In 1985, the Herald swore its total daily printed distribution had averaged 447,047. On Oct. 8 this year the Herald reported a combined paid and requested circulation average of 103,608 for the prior year. By the issue nearest the reporting date, the Herald's sworn circulation had fallen further, to just 92,781.
You can do the arithmetic.
This year's report, right down to the 92,781, states at the bottom of the form: "I certify that all the information furnished on this form is true and complete." It's signed by David Landsberg.
I did consider one other item: a Nov. 1 Miami Herald article headlined "Newspaper circulation holds steady" nationally. That report noted "The Miami Herald posted weekday circulation figures of 135,532 (about 25% of that in the digital edition), a 15% decrease over the same period in 2011."
Miami Today in its October postal report swore an annual distribution of 28,885 and for the most recent issue 29,013. Readership in print and digitally, including multiple readers for some printed copies, tops 100,000.
When Mr. Landsberg wrote "Mr. Lewis insinuated that his publication reaches the same number of people that we do," perhaps he wasn't listening — or wasn't there. And he ignores a key fact: I was citing newspaper circulation. I made it clear, just as I note it above. He cites all sorts of numbers but doesn't use the word "circulation" once in his letter. Are the "circulation" figures that the Herald swore to incorrect?
I made very clear that Miami Today is a niche newspaper serving a limited market. We can't be the Miami Herald and, frankly, don't want to be, because the scattershot approach in news and circulation is not destined to thrive.
Our niche, as I told the chamber, is where future readers are. The readers will be in high-level jobs. They will get farther ahead because they read and they know.
What so-called news, I asked, will the others get?
Tweets about fictitious events like 3 feet of water in the New York Stock Exchange during Hurricane Sandy.

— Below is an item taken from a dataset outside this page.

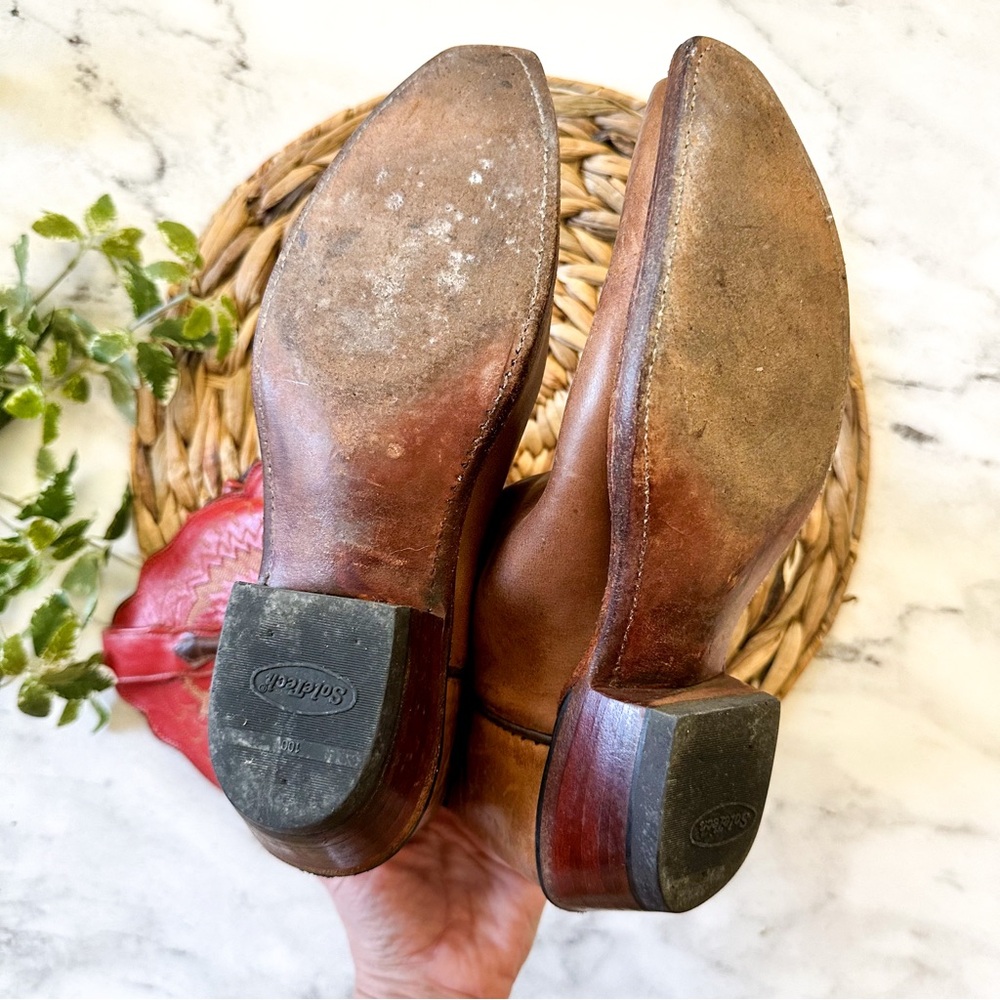 Lucchese 1883 Vintage Womens Laurel Tan & Red Scalloped Cowboy Boots - Picture 11 of 11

Snippets of TV crime, disaster, weather and celebrities.
Several national newspapers will continue to report well on the nation and the globe, I told the chamber, but what credible, thorough sources will you find for local events that can vitally affect your life and business? And, will you get that news in time to alter outcomes?

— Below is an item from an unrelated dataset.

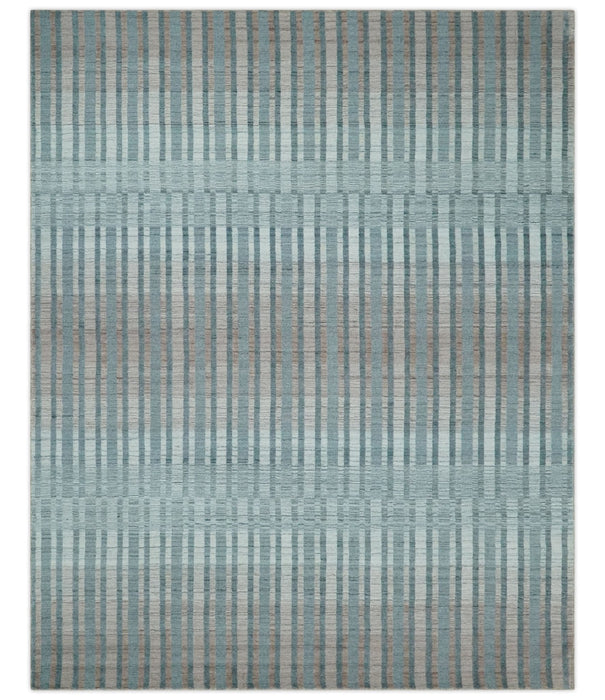 Hand Made 8x10 Modern Stripes Peach, Gray and Silver Blended Wool Area Rug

Knowing the source and who vetted it is key. Who will vet news for importance and credibility when newspaper gatekeepers are gone? Don't forget, I said, the vast majority of real and important news comes only via known news professionals.

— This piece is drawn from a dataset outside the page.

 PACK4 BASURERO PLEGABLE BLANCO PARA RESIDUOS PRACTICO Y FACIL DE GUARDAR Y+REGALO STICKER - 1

That's the news that executives act upon and citizens need to participate in public affairs.
So, what will be left in Miami when more printed press goes away, and with it reporters and editors who serve the people who are in danger of slipping into the realm of second-class, information-starved citizens?
Interestingly, as readers defect from an urban press that has lost touch, many small-city newspapers thrive. They know what their readers need.
That's why Miami Today emulates a small-town paper within a cosmopolis: we know our audience and provide essentials about how the place works. Diverse as Miami is, the top levels have similar needs.
The Power of the Press once was influence, and to some extent it still is.
But more important is the power of respect as a needed, trusted news vehicle. Nonprofits like the Miami-based Knight Foundation are hunting for ways to provide that local information to those who will otherwise slip into a second-class status.
We're not cheering as Mr. Landsberg swears just 92,781 print circulation in a county of more than 2.5 million people. It's not any better news to us than it is to him, because fewer and fewer readers here are informed of local events that affect their lives.
Lamentably, the day of the mass press has passed. That endangers community and democracy.
Without some viable replacement, larger and larger segments of any metropolis — including Miami — are destined to be information-poor, second-class citizens.
Most likely, a series of niche products like Miami Today, each serving a specific market segment with tailored local news — some in print, some digitally — will become the new choices to fill that yawning information gap.